Going forward, YouTube will release originals for free as well, but keep director’s cuts and bonus content behind the paywall.

“Today, we are welcoming a global audience to enjoy our award-winning series and specials,” said YouTube’s chief business officer Robert Kyncl in a statement. “We see a tremendous opportunity to develop more region-specific content, particularly in Europe, Asia and Latin America, and will continue to partner with the biggest stars and creators in the world to share their stories and voices.”

As part of these efforts to produce a more global slate of originals, YouTube announced 5 original European shows Thursday. These include “Virtually History,” a 30-minute VR documentary that commemorates the 30th anniversary of the fall of the Berlin wall that will premiere in October, and the BBC-produced “The Edge of Science,” which will premiere in December. A Slate of Latin American shows is scheduled to be announced in the coming months.

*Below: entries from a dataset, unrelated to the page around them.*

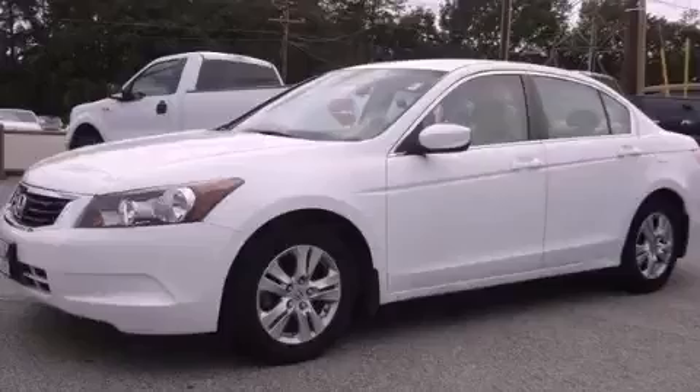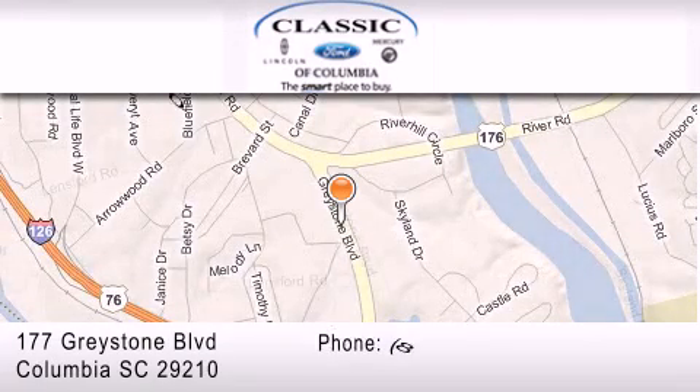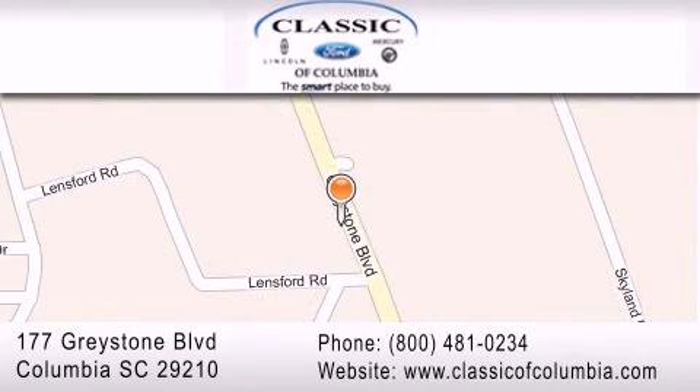We invite you to contact us today to learn more about this vehicle. Classic Ford of Columbia is located at 177 Greystone Boulevard in Columbia. Our goal is to exceed all of your expectations to ensure that you'll return for future visits.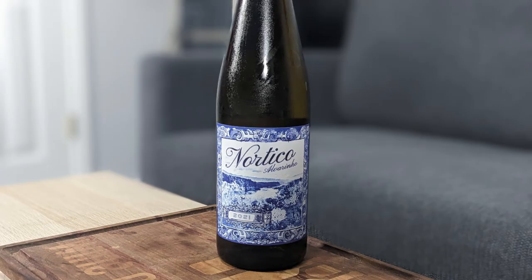Hey everybody, this is Stuart with Wine on the Diamond. Today I'm reviewing the 2021 Nordico Alvarinho — they actually have it written out in Portuguese, which is nice. It's from Minho, Portugal, and it is 12.5% alcohol by volume and screw top — plus one.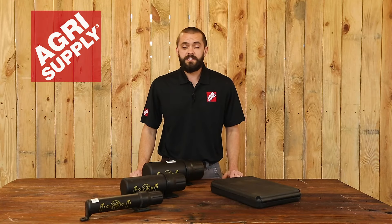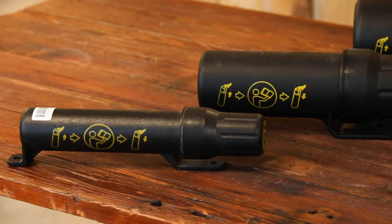Welcome to this week's product feature at Agri-Supply. This is Phillip, and this week we will be featuring our manual canisters.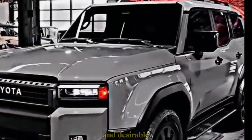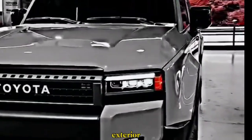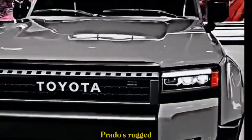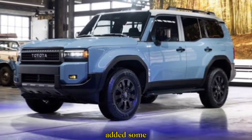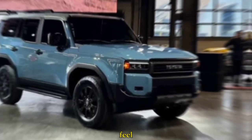Let's start with the exterior. Toyota has kept the Prado's rugged good looks but added some interesting design elements. There are whispers of a retro feel, with hints of the 1980s Prado in the lines and grille.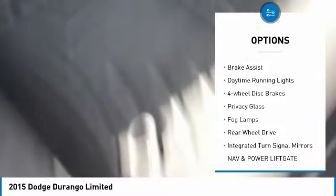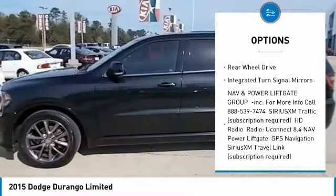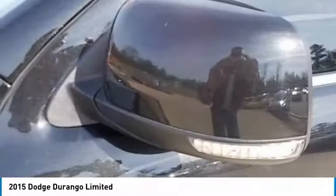aluminum wheels, rear spoiler, brake assist, daytime running lights, four-wheel disc brakes, privacy glass, fog lamps, rear wheel drive, integrated turn signal mirrors.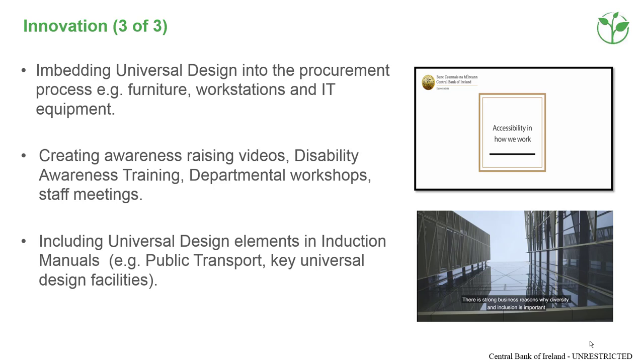Photo of the title screen for the video titled 'Accessibility in How We Work', and a photo of a video scene with subtitles of the bank's deputy governor, Ed Sibley, promoting inclusion.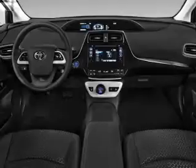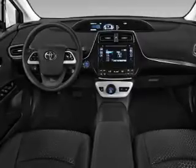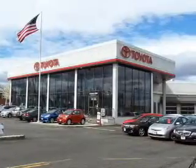Inside you'll find Bluetooth connectivity, an auxiliary input, steering wheel controls, push button start, automatic climate control, a backup camera, curtain head airbags, front airbags, side airbags, and side impact door beams.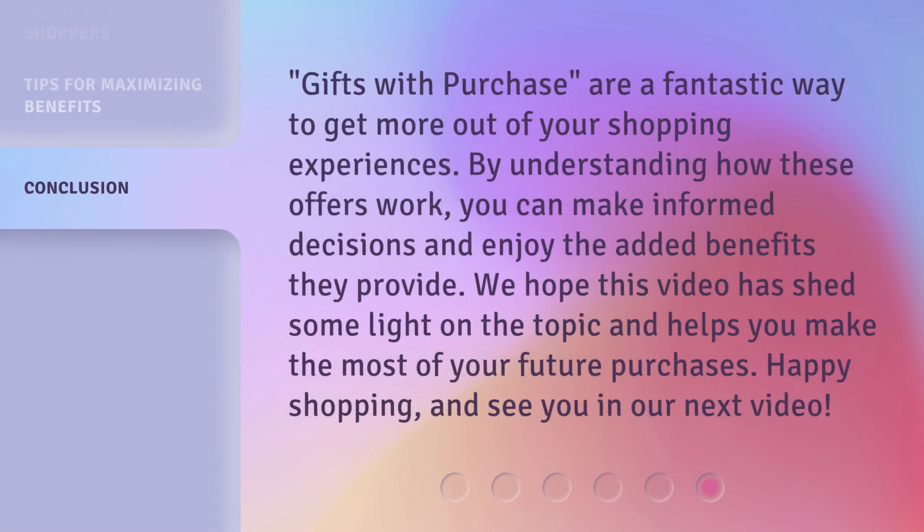Gifts with purchase are a fantastic way to get more out of your shopping experiences. By understanding how these offers work, you can make informed decisions and enjoy the added benefits they provide. We hope this video has shed some light on the topic and helps you make the most of your future purchases. Happy Shopping, and see you in our next video.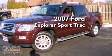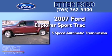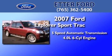This is a 2007 Ford Explorer. This SUV has a 5-speed automatic transmission and a 4.0-liter V6.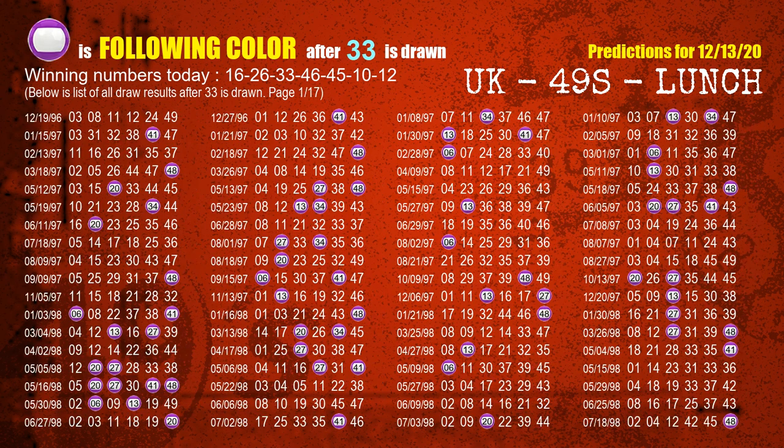The third winning number is 33. The most frequently following color is purple when 33 is the winning number in last draw.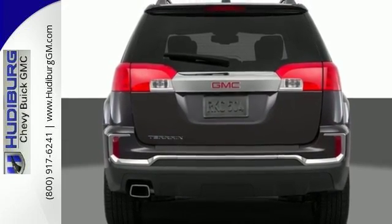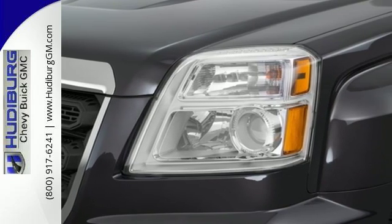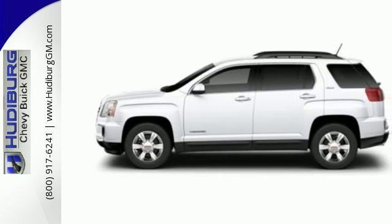To protect you and your precious cargo, there are six airbags along with OnStar, a backup camera and StabilaTrac. Enjoy amazing space in a crossover SUV that treats you to a quiet, luxurious ride. Test drive it today.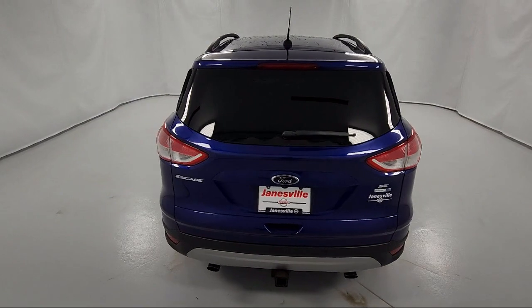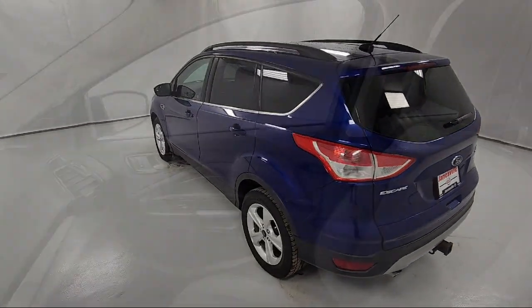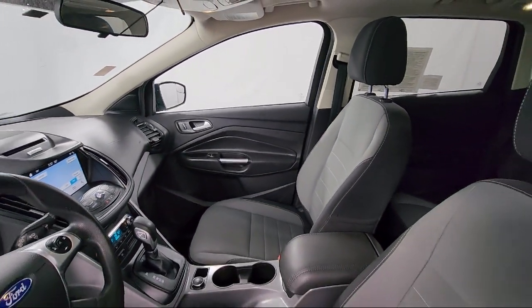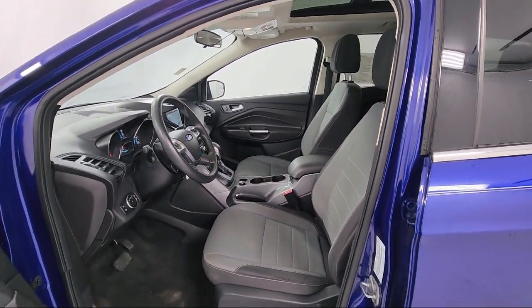Here at Janesville Nissan, customer service is our top priority. Our friendly and experienced staff will make the transition into your next vehicle as smooth as can be. We care about our customers and we want to make sure that you drive away in a vehicle that is just right for you.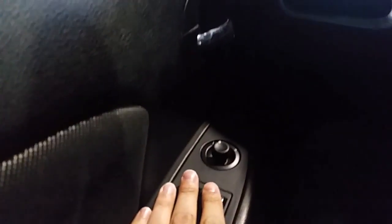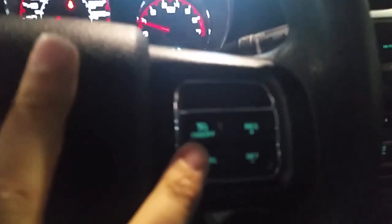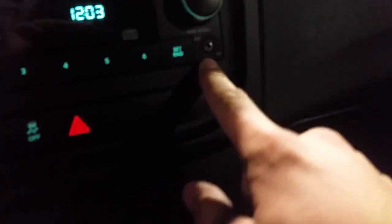Full power options in here — we got windows, locks, and mirrors. You got Bluetooth controls in here, nice cruise control. It's an automatic of course, AC, single disc changer here, and you got your auxiliary plug-in.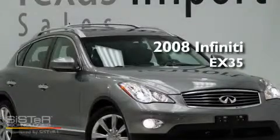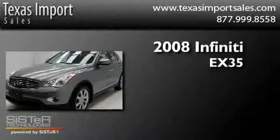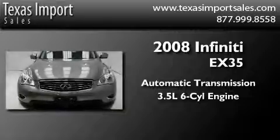This is a 2008 Infiniti EX35. This crossover has an automatic transmission and a 3.5-liter V6.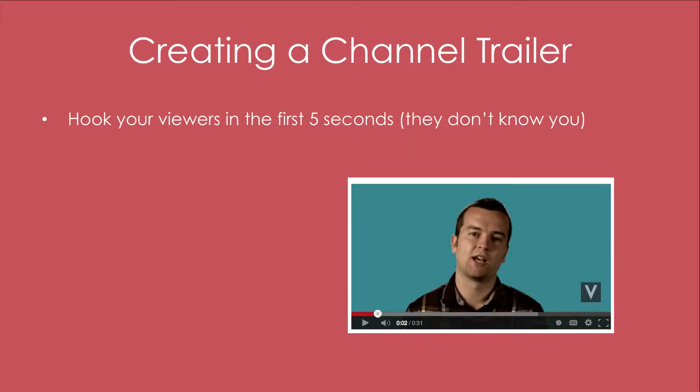You'll need to hook your viewers in the first five seconds. Remember, this is like an advertisement — if they don't get good quality information, if they're not hooked after the first few seconds, they're going to move on to the next YouTube channel that sounds interesting to them.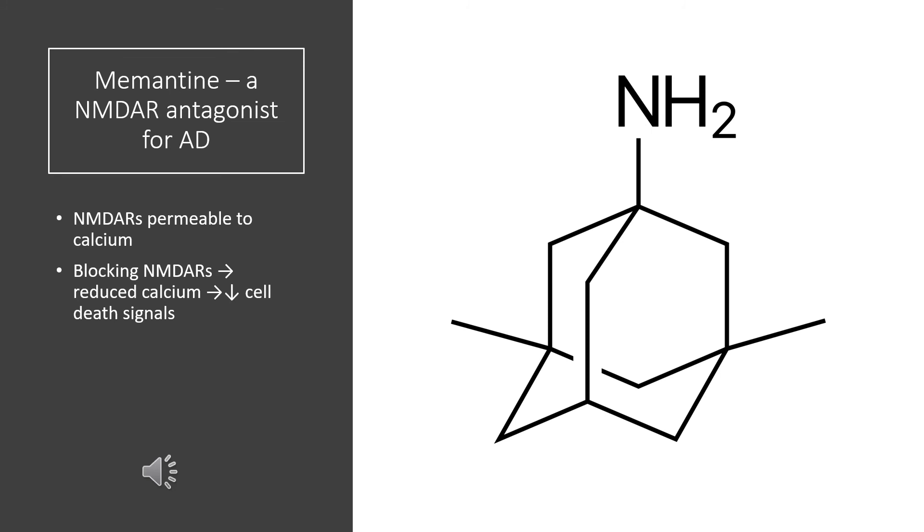The only widely prescribed drug acting on glutamate signaling is memantine, which is an antagonist of the NMDA receptor. Recall that NMDA receptors are permeable to calcium, and that one mechanism of cell death — certainly in stroke and possibly in other neurodegenerative conditions — involves glutamate-mediated excitotoxicity, where excess glutamate causes NMDA receptors to open too much, producing an excess influx of calcium that leads to cell death. Simply put, memantine is an NMDA receptor antagonist that blocks the glutamate action.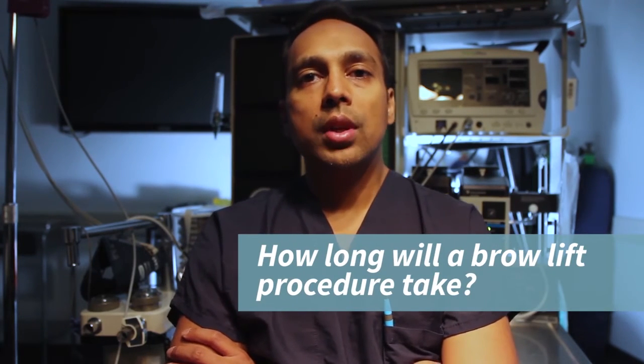By itself, depending on the technique used, a brow lift can take anywhere between 45 minutes to an hour and a half. Oftentimes, brow lifts are done in conjunction with other areas of facial rejuvenation, such as upper and lower eye lifts, face lifts, and neck lifts.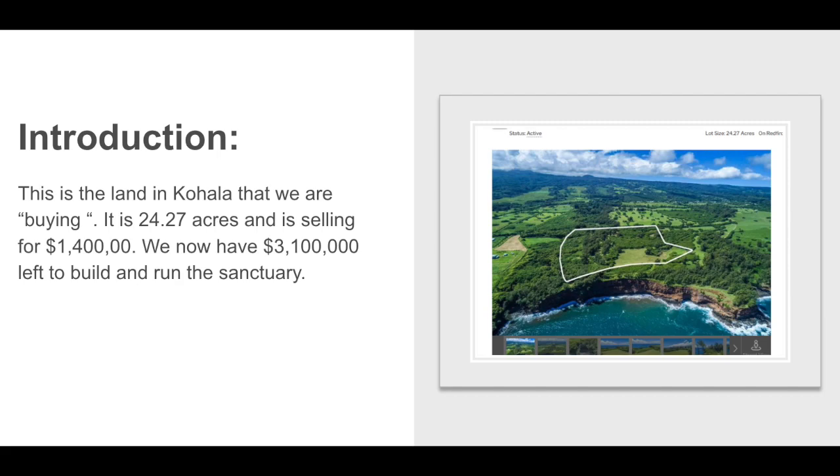There is a need for a farm animal sanctuary in Hawaii, so the Hawaii state granted us $4.5 million to design, build, and run a farm animal sanctuary for a year. The land that we are buying is in Kohala and is 24.27 acres, selling for $1,400,000. After subtracting the cost of buying the land from the $4.5 million, we now only have $3,100,000 left to build the sanctuary and run it for one year.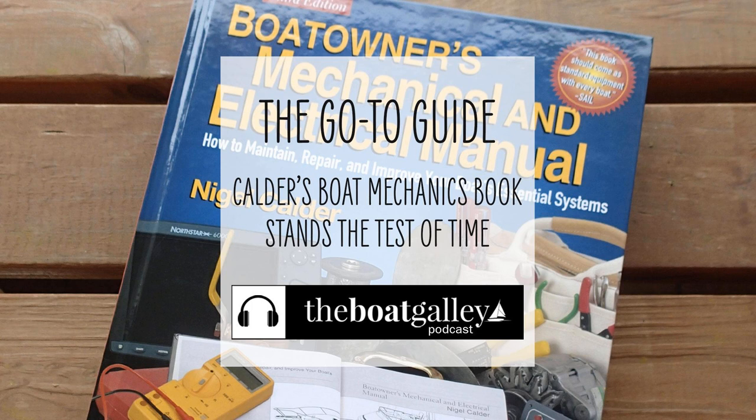Let's talk about the best boat mechanics book. Officially, the name is Boat Owner's Mechanical and Electrical Manual: How to Maintain, Repair, and Improve Your Boat's Essential Systems, by Nigel Calder. Wow, that is a mouthful. And so pretty much everyone just refers to it as Nigel or Calder. Literally, I don't think I've ever heard anyone refer to it by the full title, or even Mechanical and Electrical Manual. If you called it that, I'm not sure anyone would know what book you were talking about.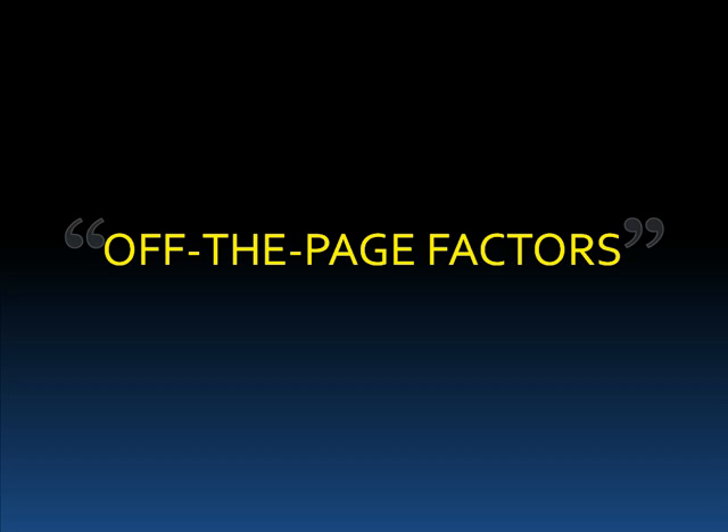Now I just gave you six great things you can do right now on your website to make it look favorable in Google's eyes and grow your traffic. But I've been saving the final biggest secret that will give you huge results when you implement it.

YouTube also announced plans to release the documentary “The Gift: The Journey of Johnny Cash” for free on the service on October 8, and bring back its original shows “Liza on Demand” and “Impulse” for second seasons in the coming 2 months.

YouTube’s new paywall-free release strategy for its original content can be seen as a response to both the growing popularity of ad-supported viewing as well as its inability to establish its premium tier as a meaningful competitor to other paid streaming services. The Google subsidiary announced last year that it was rebranding its YouTube Red subscription service as YouTube Premium, which combines ad-free video viewing with access to its YouTube Music streaming service.

However, YouTube hasn’t given up on its paywall for original content entirely: The service is still windowing individual episodes of new shows, giving users who aren’t paying for YouTube Premium only a limited time to watch them. Premium subscribers on the other hand will have access to entire seasons to binge on.